The underlying assumption is that the CMO in the member state where a work was first published is likely to be most representative.51 Article 7(5) of the compromise text of the DSM Proposal no longer defines the circumstances of when a work is to be considered first published or broadcast in a member state. Instead, the proposed provision excludes “sets of out-of-commerce works”, if following the reasonable effort to determine commercial availability, there is evidence to suggest that the work or other subject-matter originates from a third country. Point (a) defines works or other subject-matter (with the exception of cinematographic and audio-visual works) as originating from a third country where they were first published or broadcast. Regarding audio-visual or cinematographic works, in point (b), the headquarters or habitual residence provide the location identification criteria. Point (c) is the residual provision according to which the OOC work or other subject-matter of a third country national is excluded from the application of the regime when a member state or a third country cannot be determined, after a reasonable effort, according to points (a) and (b).52 This last point addresses the critique against the initial text of the DSM Proposal according to which there was no built-in presumption that works that could not be clearly identified as EU works were automatically deemed non-EU works. Finally Art. 7(5) in fine specifies that the regime does not apply to sets of OOC works from a third country unless the CMO is sufficiently representative of rights holders in that third country in the meaning of Art. 7(1)(a). The global representativeness of a CMO, i.e. whether it is sufficiently representative of rights holders in the member state where the CHI is located and in the third country XXXX, will be a matter of evidence to be assessed on a case-by-case basis.
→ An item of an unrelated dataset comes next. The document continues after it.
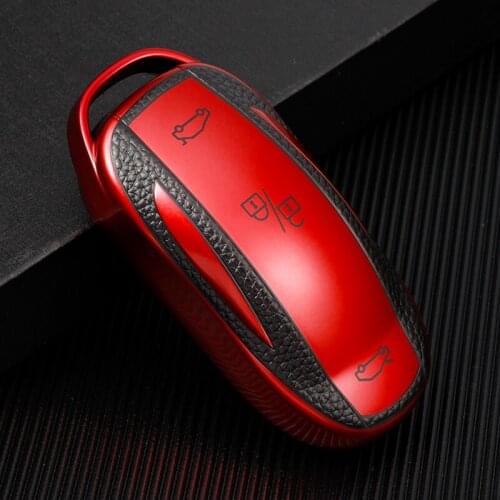Fashion Style 1Pcs Car Key Case Cover Leather+TPU Key Shell Storage Bag Protector for Tesla Model S Model 3 Model X Model Y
The last provision de facto defining the notion of mandate in the DSM Proposal relates to opt-outs in Art. 7(1)(c): “all rightholders may at any time exclude the possibility for collective management organisations to license their works or other subject-matter in accordance with this Article, either in general or in specific cases, or exclude the application of any licence granted in accordance with this Article to their works or other subject-matter.”

This provision has to be read in combination with Art. 8(a)(1) which provides the details of these publicity measures.

Member States shall ensure that information for the purposes of the identification of the out-of-commerce works or other subject-matter as well as information about the possibilities of rightholders referred to in Article 7(1)(c), and, as soon as it is available, information on the parties to the licence, the covered territories and the allowed uses is made publicly accessible in a single online portal from at least six months before the works or other subject-matter are distributed, communicated to the public or made available to the public in accordance with the licence.

These provisions act as a safety mechanism for right holders. CMOs are more likely to act in their interest when right holders can vote with their feet, e.g. withdraw. The mechanism also provides a safety valve reducing the impact on right holders overall; after all, copyright provides for exclusive rights and there may be additional concerns making a right holder withdraw from the scheme. It should be noted that if a large number of right holders were to withdraw their consent, it could be interpreted as the CMO no longer being representative.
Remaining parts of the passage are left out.